--- Data for this exercise Enclosed Below ---

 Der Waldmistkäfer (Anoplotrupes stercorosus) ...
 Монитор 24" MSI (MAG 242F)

--- End of Enclosed Data for this exercise ---
--- Data for this exercise Enclosed Below ---

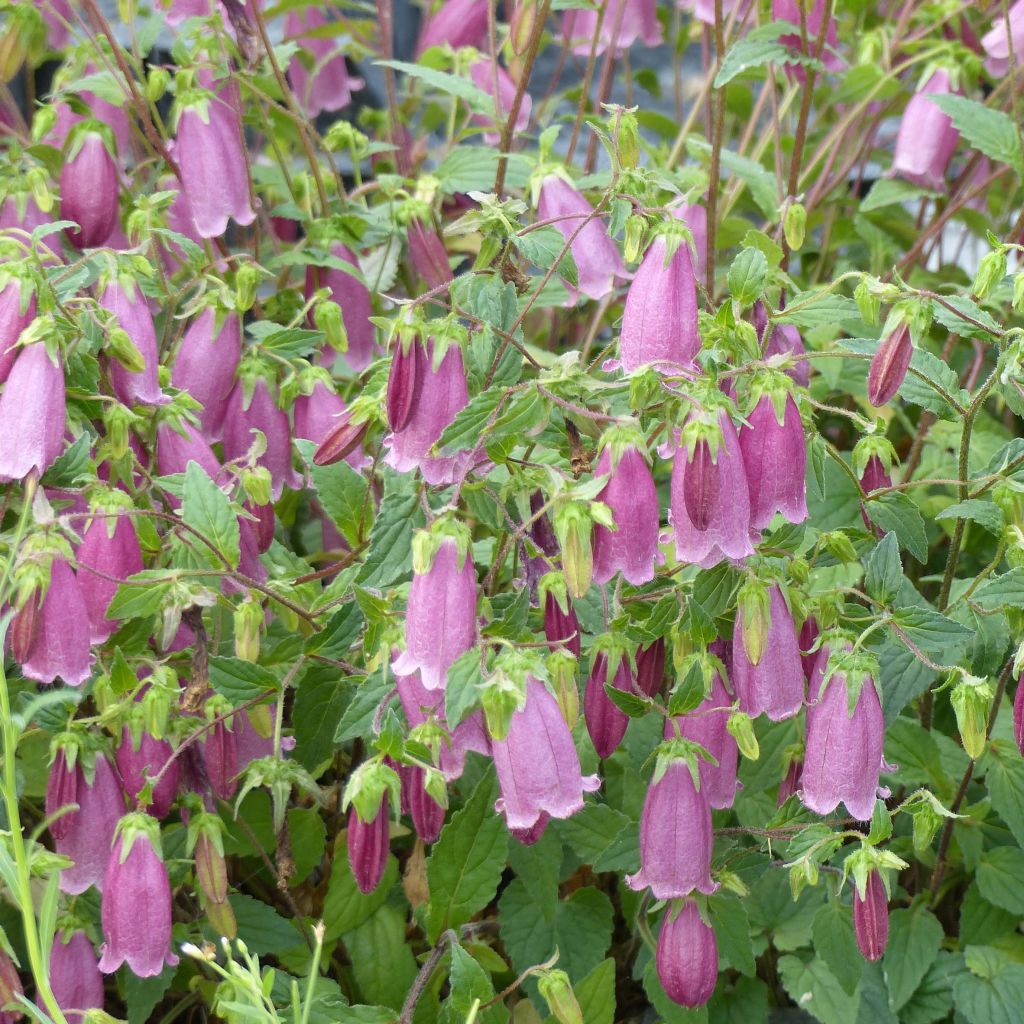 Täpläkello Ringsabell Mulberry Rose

--- End of Enclosed Data for this exercise ---
--- Data for this exercise Enclosed Below ---

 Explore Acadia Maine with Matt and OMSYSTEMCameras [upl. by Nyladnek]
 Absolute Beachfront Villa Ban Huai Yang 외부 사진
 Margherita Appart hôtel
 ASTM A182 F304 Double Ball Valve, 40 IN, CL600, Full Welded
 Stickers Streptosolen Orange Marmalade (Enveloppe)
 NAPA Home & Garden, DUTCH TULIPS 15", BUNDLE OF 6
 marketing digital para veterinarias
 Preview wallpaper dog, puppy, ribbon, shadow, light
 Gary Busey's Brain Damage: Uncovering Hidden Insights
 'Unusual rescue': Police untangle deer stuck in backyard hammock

--- End of Enclosed Data for this exercise ---

Problem description — Only the lines above from the line with "Margherita Appart hôtel" to the line with "in backyard hammock", those two lines included, should be reproduced exactly.

Finished exercise —
 Margherita Appart hôtel
 ASTM A182 F304 Double Ball Valve, 40 IN, CL600, Full Welded
 Stickers Streptosolen Orange Marmalade (Enveloppe)
 NAPA Home & Garden, DUTCH TULIPS 15", BUNDLE OF 6
 marketing digital para veterinarias
 Preview wallpaper dog, puppy, ribbon, shadow, light
 Gary Busey's Brain Damage: Uncovering Hidden Insights
 'Unusual rescue': Police untangle deer stuck in backyard hammock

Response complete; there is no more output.